Toparlamak gerekirse açık ve net biçimde paniklediler. Çünkü İstanbul tabanı artık onları dinlemiyor, PKK baskı kuramıyor, bunlar da bu yüzden bu algılarla bir alan yaratmaya çalışıyorlar. Ama Allah’ın izniyle, daha 10 gün var, biz bu alanı daraltacağız. Biz bu yola baş koyduk, Kürt insanını bunlardan kurtaracağız. Bağımsız, demokratik ve özgür Türkiye’de hepimiz birlikte, kardeşçe, 781 bin kilometreye, ay yıldızlı bayrağa, ezana, Kuran’a sahip çıkarak yaşayacağız. Eğer bedel ödenmesi gerekiyorsa, bedel ödemeye de hazırız. Yeter ki çocuklarımız kurtulsun.

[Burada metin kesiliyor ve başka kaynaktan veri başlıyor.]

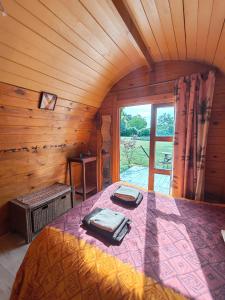 a bedroom with a bed in a room with a window at Les Gîtes de Botte in Duras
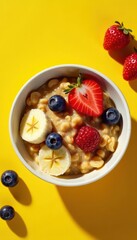 Warm oatmeal in a bowl with sliced banana and mixed berries on a sunny yellow background, honey, yellow background, banana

Yeter ki artık bu kan ve gözyaşı dursun.
AŞİRET LİDERİ MEHMET TİMURAĞAOĞLU
Güneş nasıl balçıkla sıvanmaz, bu insanlar da bunu söyleyince bir şey olmaz. 2002’den sonra AK Parti, gerçekten bu ülkenin sosyal devlet yapısına dönmesini sağladı. Yetmezmiş gibi Kürtlere verilen tüm hakları, kanunları o verdi. AK Parti’nin döneminde hem televizyonun Kürtçeleşmesi, hem mahkemelerde Kürtçe’nin dil olarak kabul edilmesi vardır. Öneri yapmış, hangi şartlarda kabul edilmiş, kimler karşı gelmiş belli. Hem CHP hem HDP ret oyu kullanmışlar. Kimileri meclisten çıkıp boykot ettiler, kimileri ret oyu kullandılar. Aslında bu utançlarından dolayı toplumun içine çıkamamaları lazım. Hani yüzle sen reddettin, hangi yüzle oy istiyorsun? Onların gözüne sokmak lazım bunu. Sezai Temelli, utanmadan, geçen seçim sürecinde “vadedilmiş topraklar” dedi. Utanmadınız mı? Vadedilmiş toprak, Yahudilerin topraklarıdır. Burası Yahudilerin toprağı öyle mi? Utanmadınız mı?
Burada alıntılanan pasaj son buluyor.